Adding to that, Mr. Sanders is the top recipient for donations by teachers, farmers, servers, social workers, retail workers, construction workers, truckers, nurses and drivers as of September. He claims that his donors’ most common employers are Starbucks, Amazon and Walmart, and the most common profession is teaching. Mr. Sanders is also the leading recipient of donations from Latinos as well as the most popular Democrat among registered Latinos who plan to vote in the Nevada and California primaries. According to Essence magazine, Mr. Sanders is the favorite candidate among black women aged 18 to 34. Only 49 percent of his supporters are white, compared with 71 percent of Warren supporters. Perhaps most surprising, more women under 45 support him than men under 45.

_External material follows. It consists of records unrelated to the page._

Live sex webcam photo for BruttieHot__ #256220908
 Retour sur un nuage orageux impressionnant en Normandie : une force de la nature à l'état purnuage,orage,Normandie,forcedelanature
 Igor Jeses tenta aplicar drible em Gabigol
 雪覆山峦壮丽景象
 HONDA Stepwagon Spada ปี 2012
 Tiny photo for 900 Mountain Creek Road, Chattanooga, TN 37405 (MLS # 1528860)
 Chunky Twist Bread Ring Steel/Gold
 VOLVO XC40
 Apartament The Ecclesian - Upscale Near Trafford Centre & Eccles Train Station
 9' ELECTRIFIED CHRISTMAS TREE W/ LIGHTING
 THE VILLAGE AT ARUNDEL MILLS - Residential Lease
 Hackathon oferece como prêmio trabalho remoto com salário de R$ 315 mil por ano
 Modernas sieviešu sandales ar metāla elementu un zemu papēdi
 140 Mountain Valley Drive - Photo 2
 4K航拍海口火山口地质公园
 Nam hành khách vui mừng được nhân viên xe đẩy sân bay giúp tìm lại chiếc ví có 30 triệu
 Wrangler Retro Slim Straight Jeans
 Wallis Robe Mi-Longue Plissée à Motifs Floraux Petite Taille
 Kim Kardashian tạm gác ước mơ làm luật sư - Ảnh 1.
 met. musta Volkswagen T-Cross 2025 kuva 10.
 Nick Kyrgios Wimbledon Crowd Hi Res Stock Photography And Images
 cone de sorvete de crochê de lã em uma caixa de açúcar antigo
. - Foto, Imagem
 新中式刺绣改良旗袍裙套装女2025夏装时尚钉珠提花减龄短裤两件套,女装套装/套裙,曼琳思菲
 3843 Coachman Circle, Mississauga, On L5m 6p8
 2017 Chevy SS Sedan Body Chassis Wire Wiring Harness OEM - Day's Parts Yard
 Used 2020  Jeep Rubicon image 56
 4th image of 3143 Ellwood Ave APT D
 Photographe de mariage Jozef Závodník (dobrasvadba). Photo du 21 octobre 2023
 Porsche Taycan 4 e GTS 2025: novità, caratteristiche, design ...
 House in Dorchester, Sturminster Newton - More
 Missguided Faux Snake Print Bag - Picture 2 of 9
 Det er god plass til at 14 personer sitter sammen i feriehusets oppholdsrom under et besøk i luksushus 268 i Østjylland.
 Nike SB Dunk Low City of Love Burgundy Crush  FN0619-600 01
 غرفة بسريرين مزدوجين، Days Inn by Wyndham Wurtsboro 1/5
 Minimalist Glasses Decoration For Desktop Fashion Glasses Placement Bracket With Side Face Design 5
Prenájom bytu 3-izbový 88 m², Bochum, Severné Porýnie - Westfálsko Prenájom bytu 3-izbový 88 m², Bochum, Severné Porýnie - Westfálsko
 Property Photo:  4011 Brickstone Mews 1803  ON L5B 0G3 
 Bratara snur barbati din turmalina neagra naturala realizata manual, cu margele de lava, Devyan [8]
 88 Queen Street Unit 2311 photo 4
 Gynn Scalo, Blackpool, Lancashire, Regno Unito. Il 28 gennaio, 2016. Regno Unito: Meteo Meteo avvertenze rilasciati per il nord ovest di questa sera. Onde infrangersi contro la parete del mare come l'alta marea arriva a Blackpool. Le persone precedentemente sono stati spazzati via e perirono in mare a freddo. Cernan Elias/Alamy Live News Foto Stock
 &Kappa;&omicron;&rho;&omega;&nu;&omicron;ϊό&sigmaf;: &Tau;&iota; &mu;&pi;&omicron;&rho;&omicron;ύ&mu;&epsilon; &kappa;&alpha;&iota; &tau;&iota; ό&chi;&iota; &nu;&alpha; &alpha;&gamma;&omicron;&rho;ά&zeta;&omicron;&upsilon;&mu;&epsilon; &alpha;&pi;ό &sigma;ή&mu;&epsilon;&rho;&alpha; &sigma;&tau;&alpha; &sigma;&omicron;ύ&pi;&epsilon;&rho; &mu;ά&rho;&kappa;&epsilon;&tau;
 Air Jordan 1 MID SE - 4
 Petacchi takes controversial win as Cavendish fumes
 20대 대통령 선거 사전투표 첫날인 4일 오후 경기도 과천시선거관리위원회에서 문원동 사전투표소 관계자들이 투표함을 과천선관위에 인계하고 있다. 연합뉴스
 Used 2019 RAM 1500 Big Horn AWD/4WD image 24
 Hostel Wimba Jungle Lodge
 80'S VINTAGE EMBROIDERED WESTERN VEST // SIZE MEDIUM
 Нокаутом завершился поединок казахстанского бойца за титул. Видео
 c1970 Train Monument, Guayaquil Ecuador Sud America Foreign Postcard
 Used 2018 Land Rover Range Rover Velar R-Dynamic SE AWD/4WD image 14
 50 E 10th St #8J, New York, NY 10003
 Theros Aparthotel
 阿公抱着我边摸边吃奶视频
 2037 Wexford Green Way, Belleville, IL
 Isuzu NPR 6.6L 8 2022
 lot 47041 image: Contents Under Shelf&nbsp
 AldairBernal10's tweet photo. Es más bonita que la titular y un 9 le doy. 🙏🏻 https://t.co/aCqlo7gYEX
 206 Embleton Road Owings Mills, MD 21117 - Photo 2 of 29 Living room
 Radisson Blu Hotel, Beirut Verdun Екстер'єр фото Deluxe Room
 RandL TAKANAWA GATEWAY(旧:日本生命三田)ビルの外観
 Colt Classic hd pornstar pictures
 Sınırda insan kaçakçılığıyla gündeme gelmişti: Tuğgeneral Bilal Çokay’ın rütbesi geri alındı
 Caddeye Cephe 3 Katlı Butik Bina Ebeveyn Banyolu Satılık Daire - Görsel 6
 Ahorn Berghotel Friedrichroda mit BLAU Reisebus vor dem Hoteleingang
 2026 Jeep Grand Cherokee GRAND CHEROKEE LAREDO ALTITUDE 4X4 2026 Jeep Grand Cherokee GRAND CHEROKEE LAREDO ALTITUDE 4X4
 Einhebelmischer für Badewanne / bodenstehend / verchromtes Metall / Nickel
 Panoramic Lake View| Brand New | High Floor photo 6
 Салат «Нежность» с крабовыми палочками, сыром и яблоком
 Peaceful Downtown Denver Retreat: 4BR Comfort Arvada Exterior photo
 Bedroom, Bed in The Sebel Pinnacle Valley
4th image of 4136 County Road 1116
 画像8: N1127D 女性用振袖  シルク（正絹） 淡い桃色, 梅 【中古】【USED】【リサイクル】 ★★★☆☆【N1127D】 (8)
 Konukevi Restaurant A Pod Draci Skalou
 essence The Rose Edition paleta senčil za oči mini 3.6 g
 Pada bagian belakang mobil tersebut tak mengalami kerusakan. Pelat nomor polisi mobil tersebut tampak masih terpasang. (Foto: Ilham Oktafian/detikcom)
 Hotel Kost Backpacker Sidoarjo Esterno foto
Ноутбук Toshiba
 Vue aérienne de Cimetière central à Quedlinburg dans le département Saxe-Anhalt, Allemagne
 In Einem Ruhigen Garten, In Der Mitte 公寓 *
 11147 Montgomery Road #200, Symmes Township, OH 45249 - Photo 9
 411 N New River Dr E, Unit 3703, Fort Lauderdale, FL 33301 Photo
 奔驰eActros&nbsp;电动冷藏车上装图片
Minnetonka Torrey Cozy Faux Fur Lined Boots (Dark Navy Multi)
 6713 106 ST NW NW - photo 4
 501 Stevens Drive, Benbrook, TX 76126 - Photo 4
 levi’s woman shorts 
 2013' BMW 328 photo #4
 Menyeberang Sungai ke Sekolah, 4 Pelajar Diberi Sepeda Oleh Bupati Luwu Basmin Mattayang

Mr. Sanders’s popularity among these voters may be what alienates him within the political establishment and mainstream media. The leadership of the Democratic Party regularly preaches that moderation and pragmatism can appeal to “centrist” Democrats as well as Republicans skeptical of Mr. Trump. It is remarkable that this strategy still has legs after its spectacular failure for Hillary Clinton in 2016.
Mrs. Clinton’s rejoinder to Mr. Trump that “America never stopped being great” was tone deaf to millions of ordinary Americans struggling with debt, police brutality and pervasive inequality. Simply focusing on the boorishness of Mr. Trump or offering watered-down versions of what has made Mr. Sanders a household name will not motivate those who do not typically vote or angry voters who recoil at the cynicism of calculating politicians.
In many respects, Bernie Sanders’s standing in the Democratic Party field is shocking. After all, the United States government spent more than half of the 20th century locked in a Cold War against Soviet Communism. That an open and proud socialist is tied with Ms. Warren for second place in the race speaks to the mounting failures of free market capitalism to produce a decent life for a growing number of people. There was a time in America when being called a socialist could end a political career, but Bernie Sanders may ride that label all the way to the White House.
This essay has been updated to reflect news developments.